◆ EXERCISE DESCRIPTION:
Starting with the first line of the data that follows, transcribe every line verbatim until the line containing "Womens‎ Brooch Gold" has been transcribed.
┌─ EXTRACTED ENTRIES
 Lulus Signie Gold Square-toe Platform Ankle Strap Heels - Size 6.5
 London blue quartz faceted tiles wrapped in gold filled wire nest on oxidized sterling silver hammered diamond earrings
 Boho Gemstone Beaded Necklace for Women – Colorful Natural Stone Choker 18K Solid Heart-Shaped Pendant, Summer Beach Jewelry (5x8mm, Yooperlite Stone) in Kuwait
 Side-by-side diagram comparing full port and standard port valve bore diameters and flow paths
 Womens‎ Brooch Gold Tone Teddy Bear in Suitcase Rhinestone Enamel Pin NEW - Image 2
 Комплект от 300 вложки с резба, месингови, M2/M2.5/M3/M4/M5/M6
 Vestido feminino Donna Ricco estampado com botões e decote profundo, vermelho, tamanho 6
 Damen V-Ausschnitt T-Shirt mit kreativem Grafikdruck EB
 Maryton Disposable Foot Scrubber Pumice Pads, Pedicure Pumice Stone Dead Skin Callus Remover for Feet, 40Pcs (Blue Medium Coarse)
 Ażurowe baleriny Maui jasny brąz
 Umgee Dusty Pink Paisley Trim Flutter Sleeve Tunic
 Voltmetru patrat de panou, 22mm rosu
└─
◆ SOLVED EXERCISE:
 Lulus Signie Gold Square-toe Platform Ankle Strap Heels - Size 6.5
 London blue quartz faceted tiles wrapped in gold filled wire nest on oxidized sterling silver hammered diamond earrings
 Boho Gemstone Beaded Necklace for Women – Colorful Natural Stone Choker 18K Solid Heart-Shaped Pendant, Summer Beach Jewelry (5x8mm, Yooperlite Stone) in Kuwait
 Side-by-side diagram comparing full port and standard port valve bore diameters and flow paths
 Womens‎ Brooch Gold Tone Teddy Bear in Suitcase Rhinestone Enamel Pin NEW - Image 2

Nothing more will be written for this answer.